== Supplied data

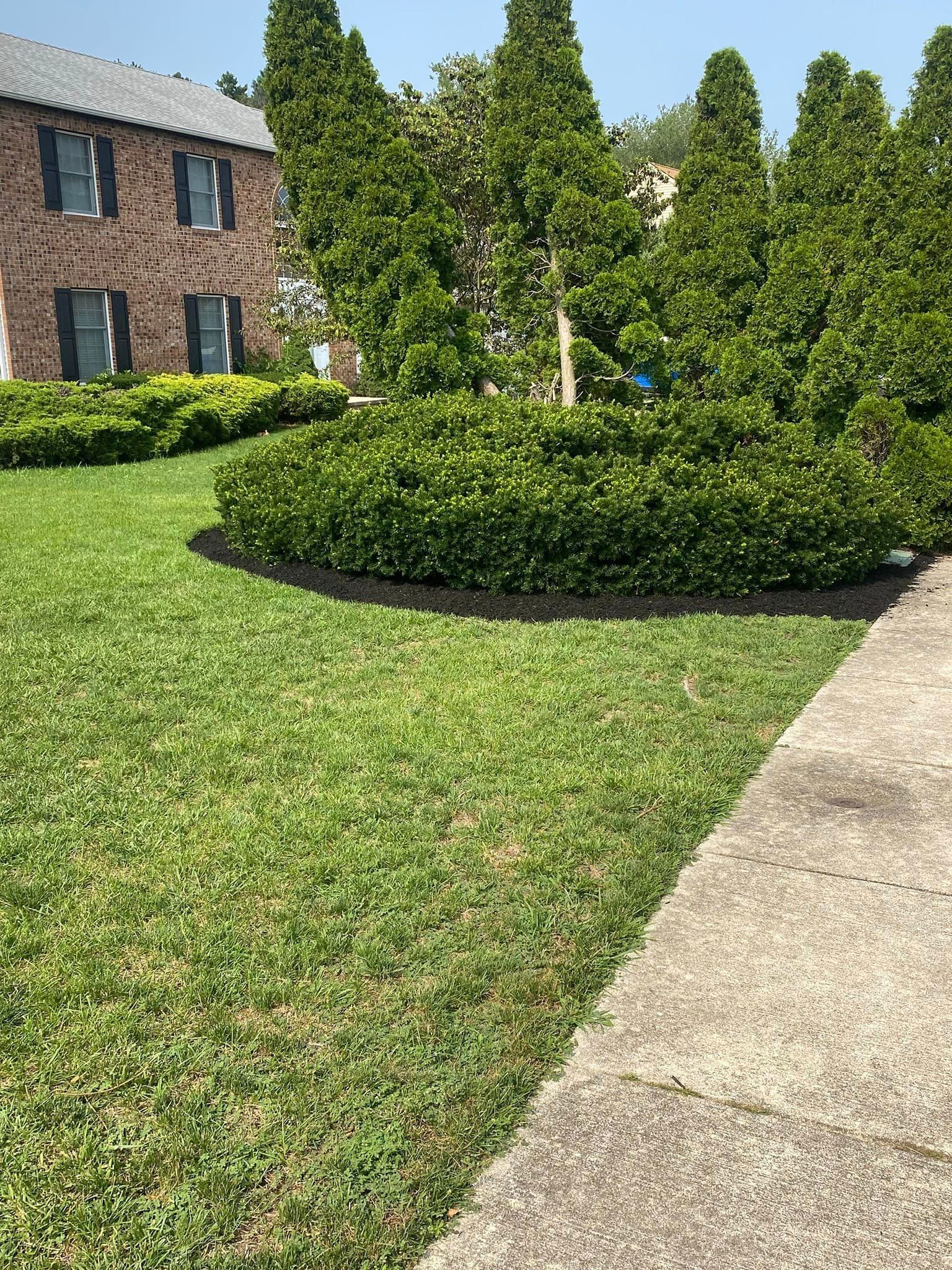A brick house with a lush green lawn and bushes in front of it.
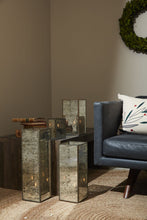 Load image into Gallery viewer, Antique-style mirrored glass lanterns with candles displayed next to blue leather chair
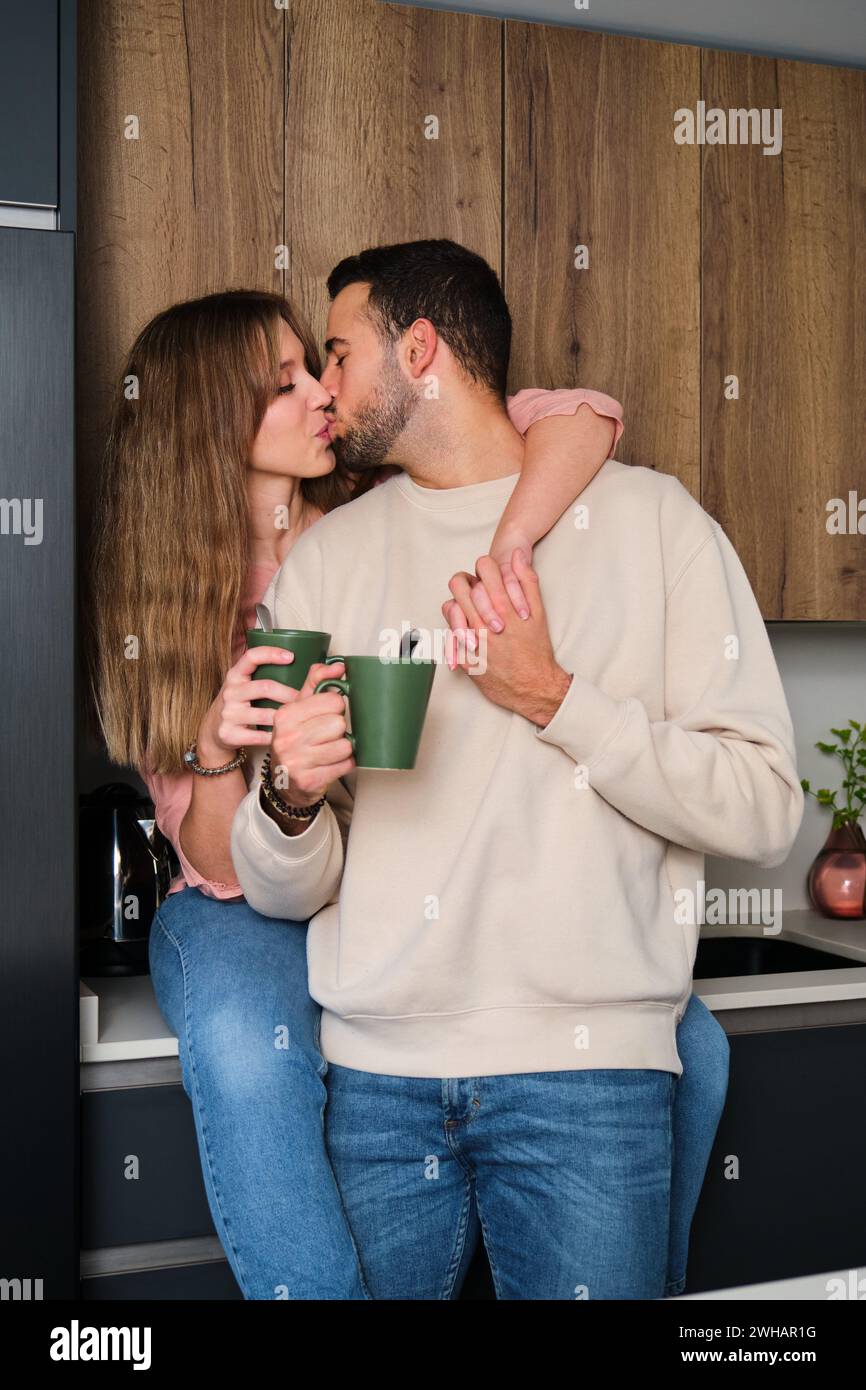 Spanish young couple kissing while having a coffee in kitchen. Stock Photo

====

• **About this task**: Print the full listing exactly, dropping the pictures.

• **Output**:
A brick house with a lush green lawn and bushes in front of it.
 Load image into Gallery viewer, Antique-style mirrored glass lanterns with candles displayed next to blue leather chair
 Spanish young couple kissing while having a coffee in kitchen. Stock Photo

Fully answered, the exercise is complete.